Georgia: Fulton County Superior Court Judge Scott McAfee ruled that 17 defendants, including former President Donald Trump, will be tried separately from co-defendants Sidney Powell and Kenneth Chesebro, who are scheduled to go on trial on Oct. 23 for allegedly trying to overturn the 2020 presidential election in Georgia. McAfee noted in his order the logistical challenges of meeting the demands of the Fulton County District Attorney’s Office to have all 19 defendants tried at the same time next month. McAfee’s ruling means that co-defendants Powell and Chesebro are scheduled for an Oct. 23 hearing, the beginning installment in an expected marathon trial that prosecutors anticipate will eventually involve 150 witnesses taking the stand over the course of four months. Earlier this week, Fulton County District Attorney Fani Willis defended holding joint trials for the 19 defendants as being an efficient use of resources since prosecutors plan to present the same evidence and witnesses for every defendant’s case. McAfee wrote that the downtown Atlanta courtroom was not large enough to hold all 19 defendants, their attorneys, and the team of state prosecutors at the same time. McAfee rejected requests from attorneys representing Chesebro and Powell to have their cases tried separately. Their attorneys have said they wanted to sever the co-defendants’ trials in order to protect their clients from being unfairly tainted by unrelated evidence.In his ruling, McAfee said he considered the impact of a months-long trial that will result in “sidelining dozens of defense counsel from handling other cases and preventing this court — and quite likely most colleagues — from managing the rest of the docket.
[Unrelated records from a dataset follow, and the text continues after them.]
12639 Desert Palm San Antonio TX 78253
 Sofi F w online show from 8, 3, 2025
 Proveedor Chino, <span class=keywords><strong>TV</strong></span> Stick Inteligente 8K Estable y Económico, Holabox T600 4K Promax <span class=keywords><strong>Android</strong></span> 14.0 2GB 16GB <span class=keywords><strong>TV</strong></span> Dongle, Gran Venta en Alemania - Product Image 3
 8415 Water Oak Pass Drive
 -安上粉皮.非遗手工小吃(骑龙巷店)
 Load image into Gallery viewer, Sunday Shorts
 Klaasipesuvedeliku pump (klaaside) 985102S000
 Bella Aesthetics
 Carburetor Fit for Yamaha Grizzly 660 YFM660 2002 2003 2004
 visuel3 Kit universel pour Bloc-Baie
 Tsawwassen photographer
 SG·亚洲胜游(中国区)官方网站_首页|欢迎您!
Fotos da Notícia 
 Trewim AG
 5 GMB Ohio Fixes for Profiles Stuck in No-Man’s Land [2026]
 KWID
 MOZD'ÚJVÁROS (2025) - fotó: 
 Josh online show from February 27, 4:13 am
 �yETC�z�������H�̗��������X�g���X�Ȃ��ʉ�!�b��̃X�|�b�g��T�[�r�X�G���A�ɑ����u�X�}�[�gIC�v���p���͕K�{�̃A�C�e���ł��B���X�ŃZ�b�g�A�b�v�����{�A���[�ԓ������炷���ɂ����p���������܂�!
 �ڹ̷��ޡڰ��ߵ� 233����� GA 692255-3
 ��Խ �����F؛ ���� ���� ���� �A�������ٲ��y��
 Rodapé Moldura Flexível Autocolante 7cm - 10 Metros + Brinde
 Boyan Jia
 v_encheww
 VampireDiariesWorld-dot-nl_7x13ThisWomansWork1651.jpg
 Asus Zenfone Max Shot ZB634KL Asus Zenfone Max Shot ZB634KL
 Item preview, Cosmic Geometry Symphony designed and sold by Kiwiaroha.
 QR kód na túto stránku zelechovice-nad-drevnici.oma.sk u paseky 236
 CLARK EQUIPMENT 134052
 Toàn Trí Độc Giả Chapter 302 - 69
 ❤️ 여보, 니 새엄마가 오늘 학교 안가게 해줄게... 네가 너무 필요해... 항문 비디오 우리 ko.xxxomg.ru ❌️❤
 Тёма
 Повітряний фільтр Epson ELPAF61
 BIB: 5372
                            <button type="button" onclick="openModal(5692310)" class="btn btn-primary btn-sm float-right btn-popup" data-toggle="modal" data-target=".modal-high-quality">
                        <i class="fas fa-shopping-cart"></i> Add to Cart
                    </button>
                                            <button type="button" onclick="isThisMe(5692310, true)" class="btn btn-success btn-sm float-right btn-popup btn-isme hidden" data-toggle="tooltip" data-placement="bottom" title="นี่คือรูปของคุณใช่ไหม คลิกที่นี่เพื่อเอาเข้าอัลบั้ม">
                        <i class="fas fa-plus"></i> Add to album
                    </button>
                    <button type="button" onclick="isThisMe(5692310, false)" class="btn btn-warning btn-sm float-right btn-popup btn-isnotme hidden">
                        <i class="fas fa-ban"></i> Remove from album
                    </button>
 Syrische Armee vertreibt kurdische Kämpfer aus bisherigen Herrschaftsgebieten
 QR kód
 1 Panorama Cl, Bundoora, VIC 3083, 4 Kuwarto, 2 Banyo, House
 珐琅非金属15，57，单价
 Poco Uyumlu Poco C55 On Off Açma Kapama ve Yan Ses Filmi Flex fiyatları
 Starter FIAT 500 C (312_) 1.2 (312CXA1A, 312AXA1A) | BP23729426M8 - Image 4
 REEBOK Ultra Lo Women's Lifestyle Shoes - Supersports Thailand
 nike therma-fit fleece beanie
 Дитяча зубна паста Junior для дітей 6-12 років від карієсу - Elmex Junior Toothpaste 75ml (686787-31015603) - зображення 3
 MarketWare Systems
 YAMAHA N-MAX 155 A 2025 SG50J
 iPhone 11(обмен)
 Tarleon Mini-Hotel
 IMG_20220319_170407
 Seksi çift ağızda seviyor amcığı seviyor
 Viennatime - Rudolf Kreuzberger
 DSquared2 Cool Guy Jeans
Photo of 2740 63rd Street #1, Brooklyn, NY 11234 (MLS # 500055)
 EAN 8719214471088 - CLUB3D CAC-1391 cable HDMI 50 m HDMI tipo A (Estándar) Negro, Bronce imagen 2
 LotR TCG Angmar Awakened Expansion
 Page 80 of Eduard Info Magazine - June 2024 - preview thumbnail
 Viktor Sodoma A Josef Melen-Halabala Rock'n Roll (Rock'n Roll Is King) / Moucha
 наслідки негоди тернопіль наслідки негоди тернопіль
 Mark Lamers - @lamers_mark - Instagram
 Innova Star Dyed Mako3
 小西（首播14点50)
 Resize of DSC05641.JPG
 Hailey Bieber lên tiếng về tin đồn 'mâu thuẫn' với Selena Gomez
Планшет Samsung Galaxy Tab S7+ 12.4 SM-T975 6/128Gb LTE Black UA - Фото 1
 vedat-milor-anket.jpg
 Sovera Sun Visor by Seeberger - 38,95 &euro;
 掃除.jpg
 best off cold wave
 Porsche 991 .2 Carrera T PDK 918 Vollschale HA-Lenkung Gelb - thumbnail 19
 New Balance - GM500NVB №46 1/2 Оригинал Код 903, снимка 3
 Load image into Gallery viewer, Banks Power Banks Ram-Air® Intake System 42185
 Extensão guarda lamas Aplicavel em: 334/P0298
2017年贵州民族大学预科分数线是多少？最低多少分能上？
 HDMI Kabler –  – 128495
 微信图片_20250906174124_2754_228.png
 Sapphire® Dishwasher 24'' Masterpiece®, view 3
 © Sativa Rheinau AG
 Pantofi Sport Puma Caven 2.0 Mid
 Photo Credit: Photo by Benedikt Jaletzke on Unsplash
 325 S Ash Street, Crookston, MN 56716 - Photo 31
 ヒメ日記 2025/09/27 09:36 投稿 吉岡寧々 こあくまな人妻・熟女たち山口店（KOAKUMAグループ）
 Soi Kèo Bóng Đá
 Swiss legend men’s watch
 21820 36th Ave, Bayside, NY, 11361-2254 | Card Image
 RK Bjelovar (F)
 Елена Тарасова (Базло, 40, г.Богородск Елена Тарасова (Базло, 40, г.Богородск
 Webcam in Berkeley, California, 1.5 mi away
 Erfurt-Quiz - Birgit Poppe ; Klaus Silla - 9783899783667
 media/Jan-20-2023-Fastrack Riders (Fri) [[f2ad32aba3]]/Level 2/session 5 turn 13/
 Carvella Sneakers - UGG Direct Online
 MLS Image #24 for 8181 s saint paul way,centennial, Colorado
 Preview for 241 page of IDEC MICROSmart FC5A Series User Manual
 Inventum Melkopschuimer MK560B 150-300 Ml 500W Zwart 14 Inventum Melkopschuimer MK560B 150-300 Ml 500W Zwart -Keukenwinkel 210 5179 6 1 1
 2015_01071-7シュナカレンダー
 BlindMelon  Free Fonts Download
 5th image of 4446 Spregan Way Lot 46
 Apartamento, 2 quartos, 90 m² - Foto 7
North Dakota: U.S. District Judge Daniel Traynor requested more information about whether a local election official has the legal authority to file the suit. Traynor called into question whether Burleigh County Auditor Mark Splonskowski can file the lawsuit, which hinges on his status as a county official, without the support of Burleigh County. Splonskowski filed the suit, in partnership with the Public Interest Legal Foundation, against state Election Director Erika White in July, claiming that he is harmed by an alleged conflict between state and federal mail-in voting laws. In the wake of the filing, he has said he brought the suit in his “individual” capacity, and Burleigh County officials have said no county funding or staff time is being put toward the suit. However, Traynor raised concerns with that claim, pointing out that Splonskowski’s initial filing “clearly contemplates the suit in his official capacity as Burleigh County Auditor.” Splonskowski’s suit is not backed by Burleigh County, but the case hinges on his role for the county, with “not a single fact” Splonskowski has brought leading the court to conclude the case was brought on an individual capacity, Traynor said. As a result, Splonskowski and the foundation must submit an additional brief about his legal authority in the suit by Sept. 29. If the court finds that he doesn’t have standing, the case could be dismissed.